Problem to solve :: Transcribe exactly, please, the line bearing "data showing the" and all later lines through the end of the records, with the pictures left out.

Records supplied ::
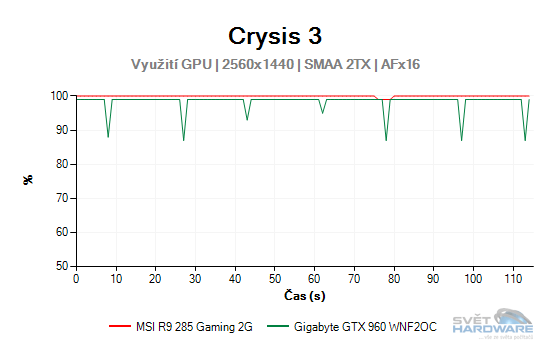 Crysis 3 graf 2K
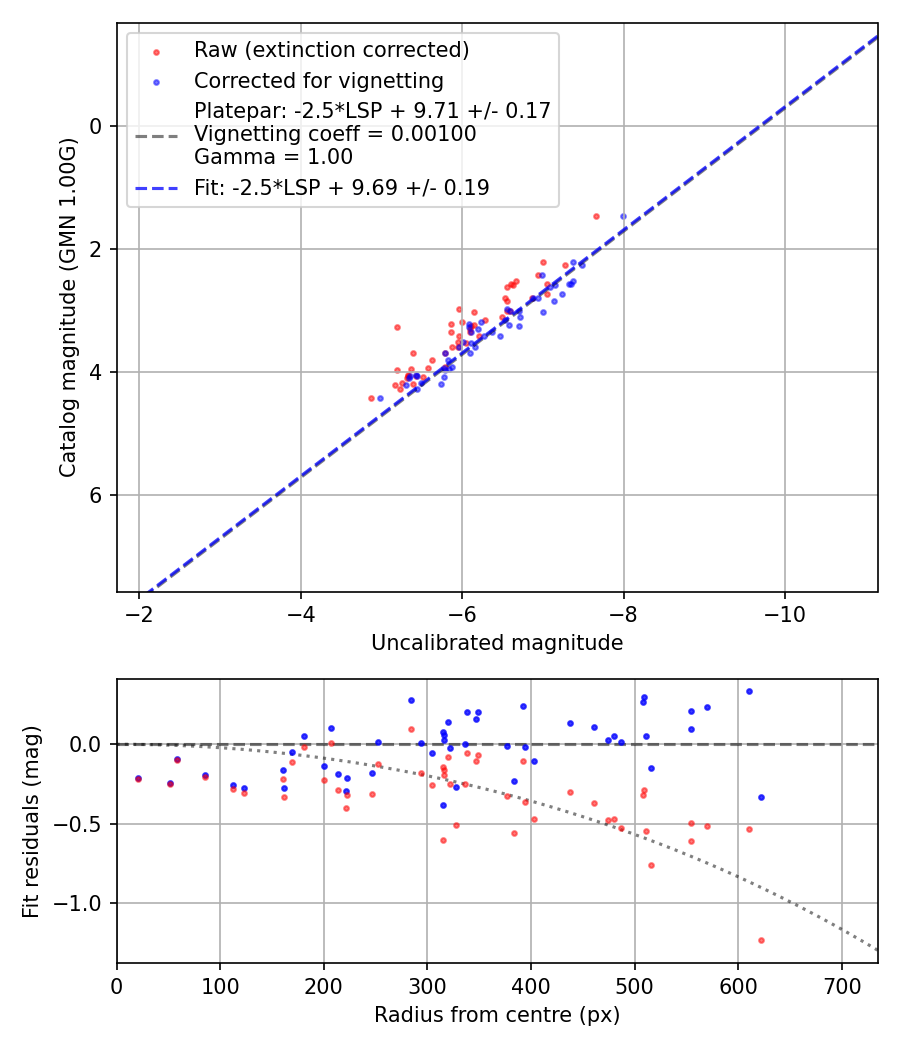 Photometry report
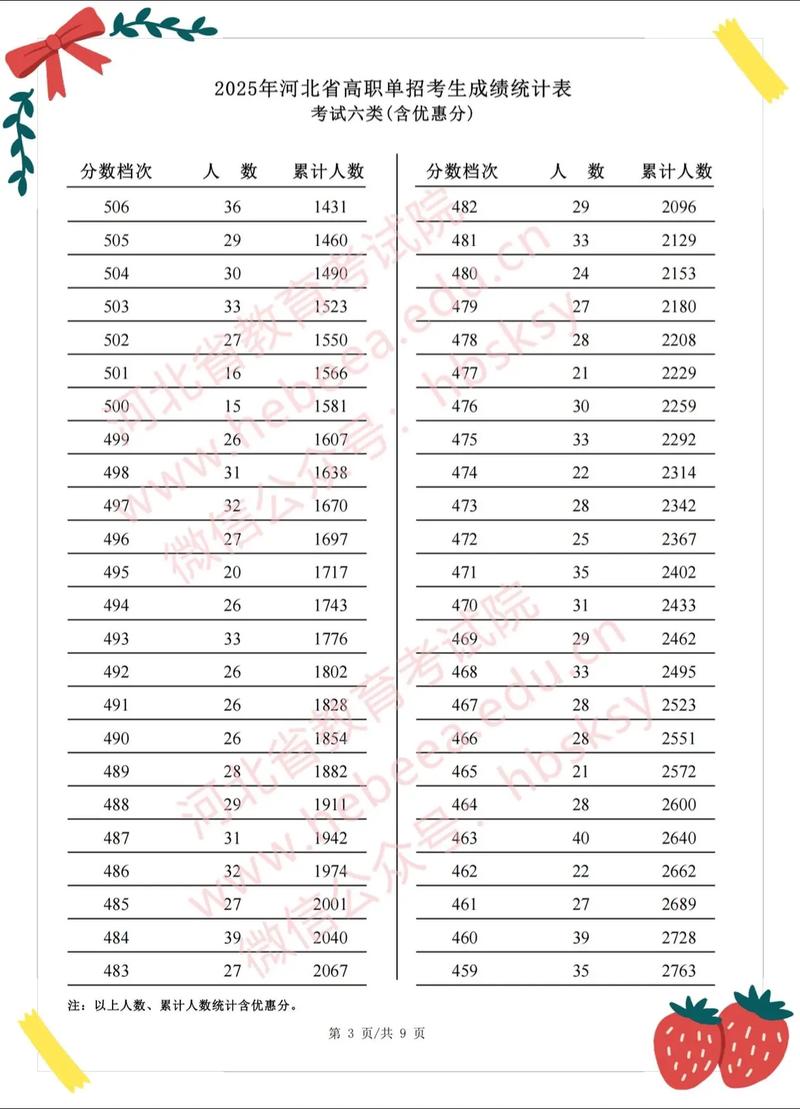 2025单考单招过关率究竟如何？-第3张图片-厚德教育培训
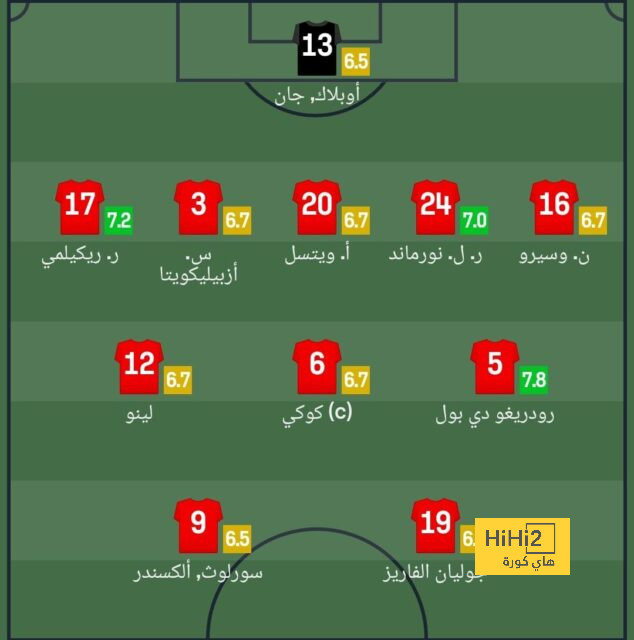 هدف كارفاخال للاستمرار مع ريال مدريد 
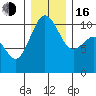 Eagle Harbor tide chart for Friday, December 16, 2022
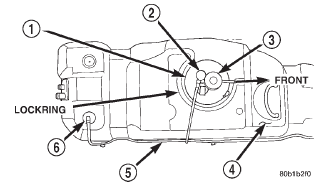 Fig. 23 Rollover Valve Locations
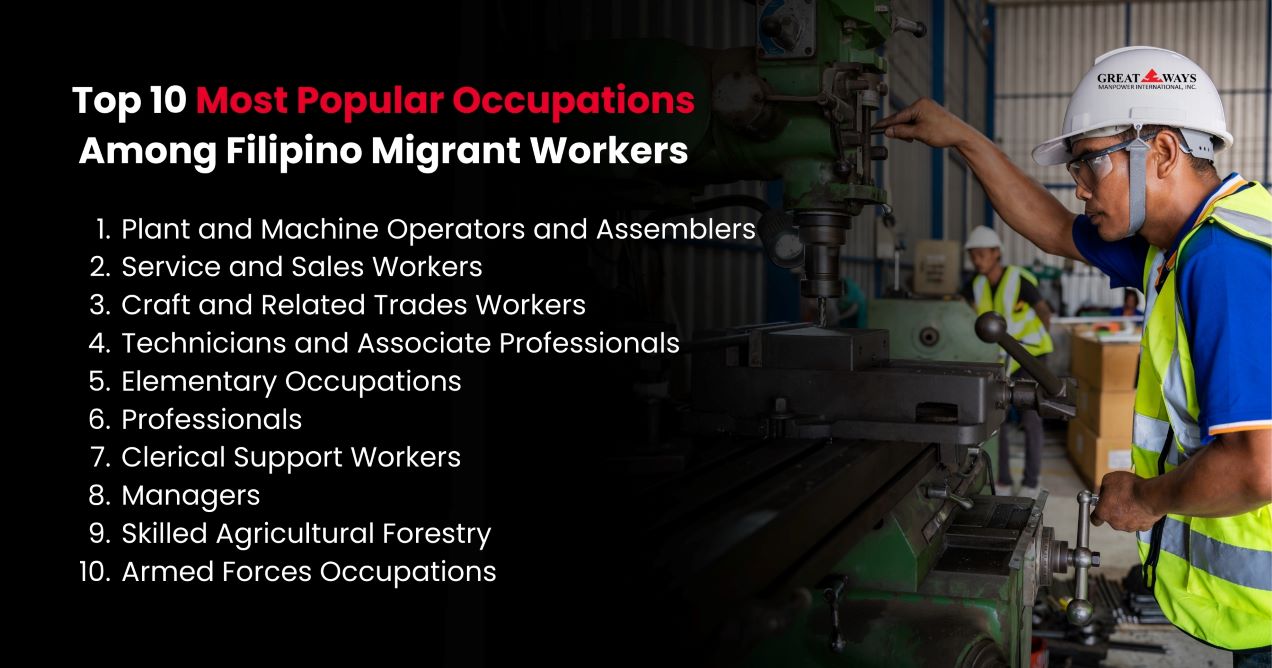 data showing the top 10 most popular occupations among filipino workers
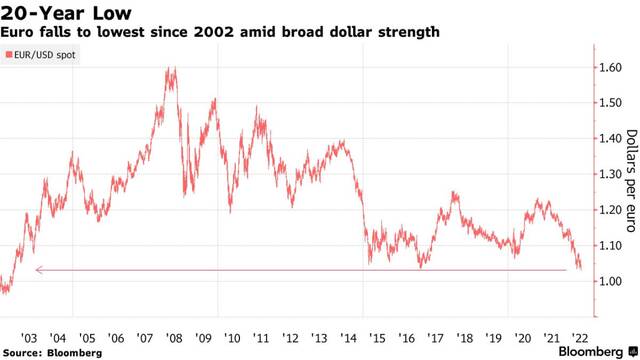 国际油价重挫！欧元跌至20年新低！欧美股市跳水，全球商品下跌，发生了什么？
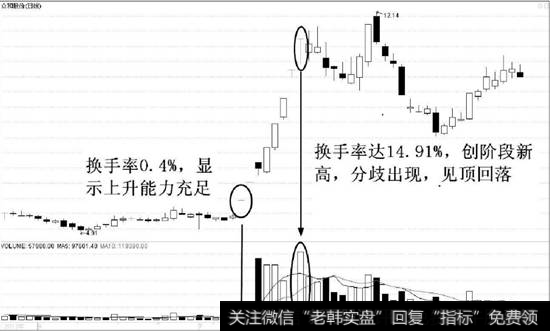 众和股份（002070）的日K线走势图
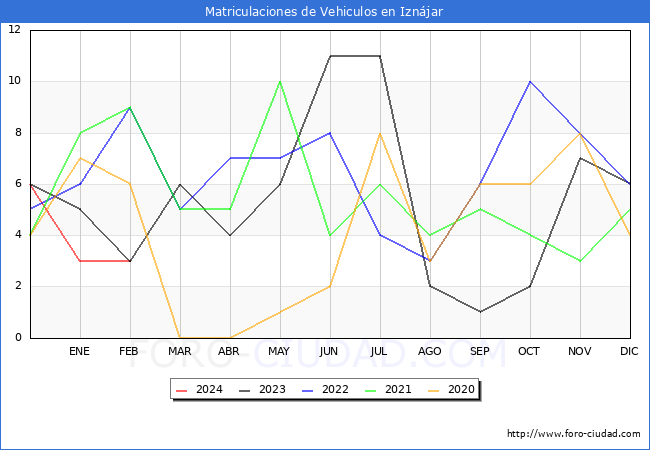 estadsticas de Vehiculos Matriculados en el Municipio de Iznjar hasta Febrero del 2024.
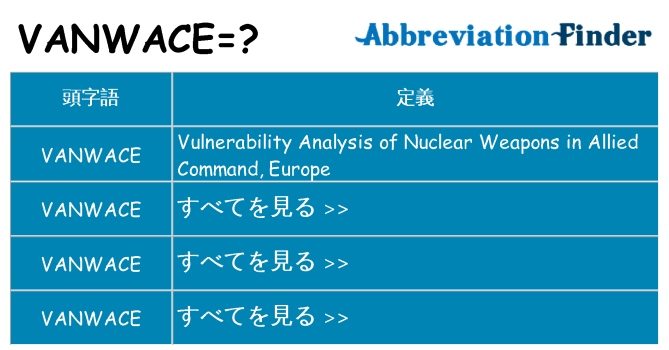 vanwace は何の略します。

Written response ::
 data showing the top 10 most popular occupations among filipino workers
 国际油价重挫！欧元跌至20年新低！欧美股市跳水，全球商品下跌，发生了什么？
 众和股份（002070）的日K线走势图
 estadsticas de Vehiculos Matriculados en el Municipio de Iznjar hasta Febrero del 2024.
 vanwace は何の略します。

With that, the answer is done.